● **Your goal**
Below are entries to reproduce exactly, apart from their pictures.

● **Material shown**
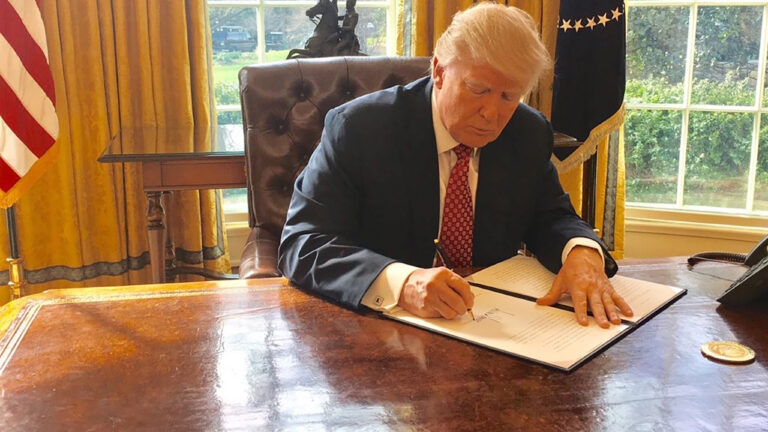 The tech policy fight brewing for 2026 and why states are watching closely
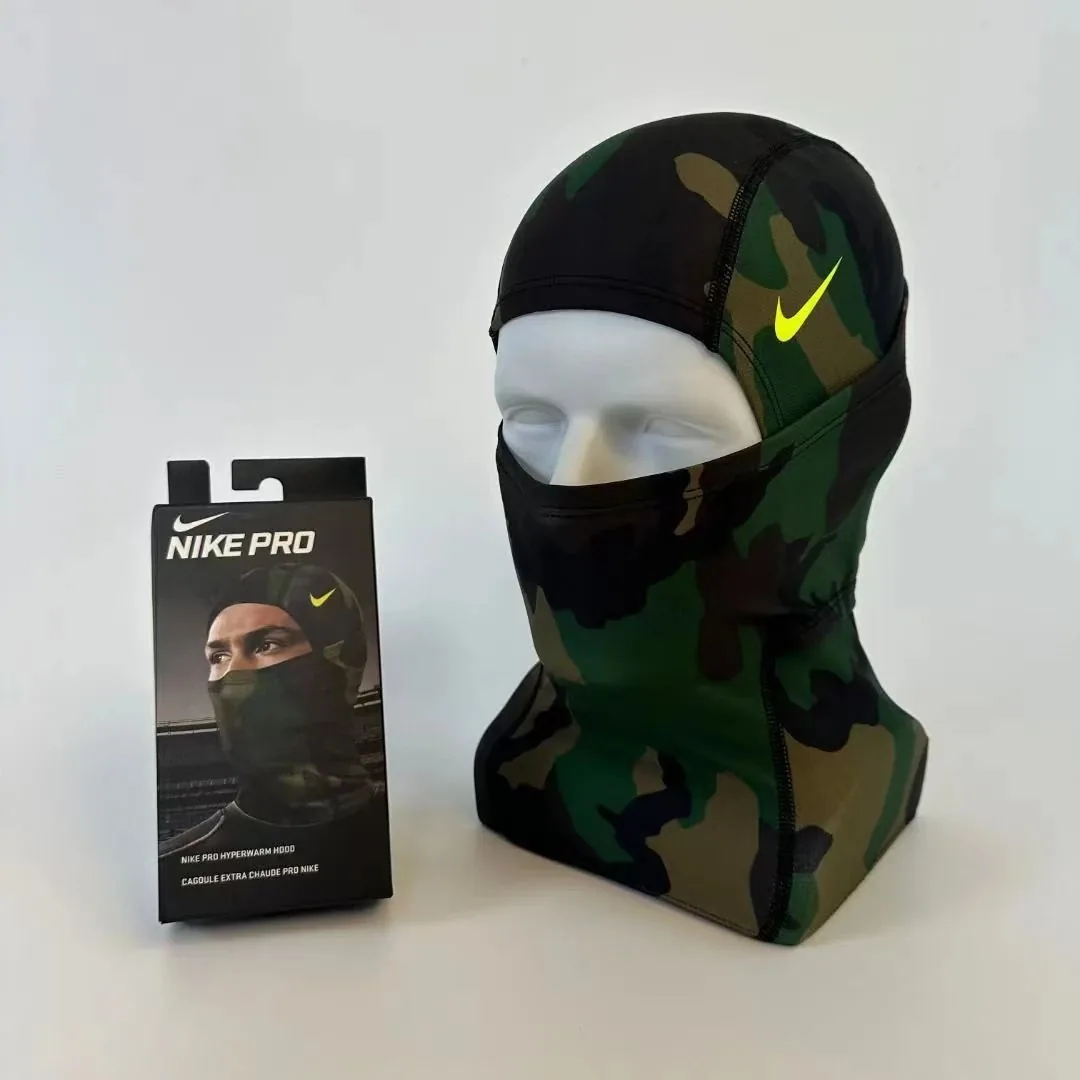 Balaclava Face Mask — Photo 5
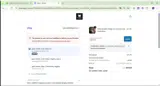 LUCKY15 coupon verification screenshot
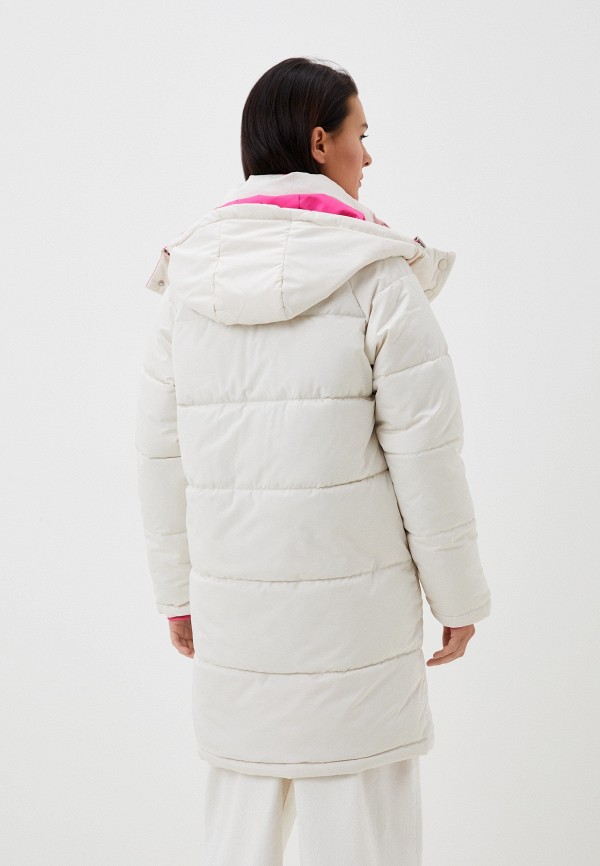 фото Куртка утепленная miss gabby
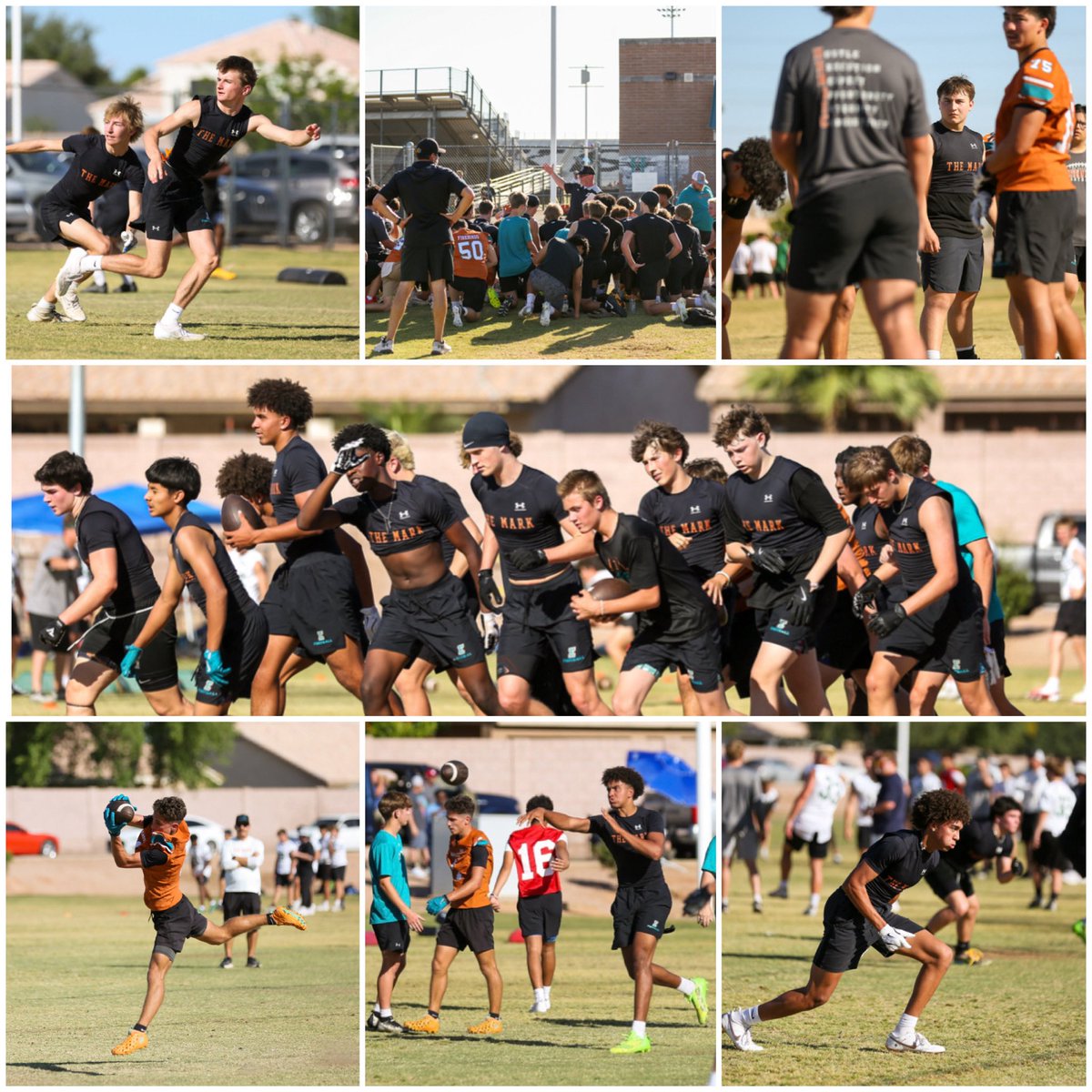 Eastmark High School Football (@eastmark_ff) on Twitter photo Thank you <a href="/HighlandHawksFB/">Highland Hawks Football</a> for hosting the showcase. It was a great night!
<a href="/Lyons_J6654/">Coach Lyons</a> Thank you <a href="/HighlandHawksFB/">Highland Hawks Football</a> for hosting the showcase. It was a great night!
<a href="/Lyons_J6654/">Coach Lyons</a>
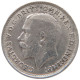 GREAT BRITAIN THREEPENCE 1918 George V. (1910-1936) #a052 0473 - F. 3 Pence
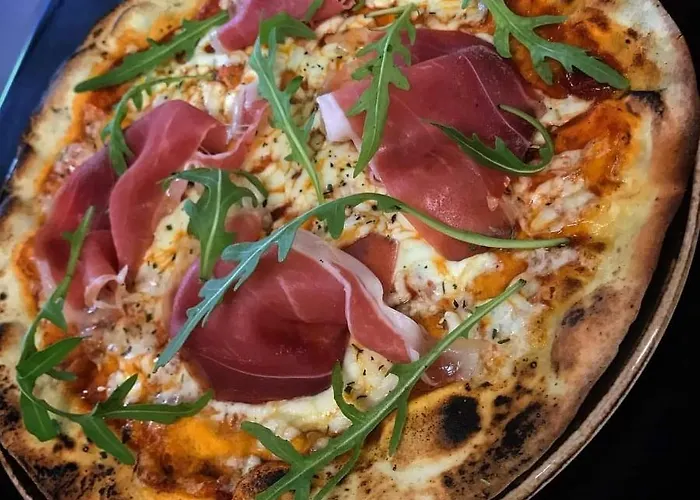 Vangsgaarden Gjestgiverier 4*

● **Exercise result**
 The tech policy fight brewing for 2026 and why states are watching closely
 Balaclava Face Mask — Photo 5
 LUCKY15 coupon verification screenshot
 фото Куртка утепленная miss gabby
 Eastmark High School Football (@eastmark_ff) on Twitter photo Thank you <a href="/HighlandHawksFB/">Highland Hawks Football</a> for hosting the showcase. It was a great night!
<a href="/Lyons_J6654/">Coach Lyons</a> Thank you <a href="/HighlandHawksFB/">Highland Hawks Football</a> for hosting the showcase. It was a great night!
<a href="/Lyons_J6654/">Coach Lyons</a>
 GREAT BRITAIN THREEPENCE 1918 George V. (1910-1936) #a052 0473 - F. 3 Pence
 Vangsgaarden Gjestgiverier 4*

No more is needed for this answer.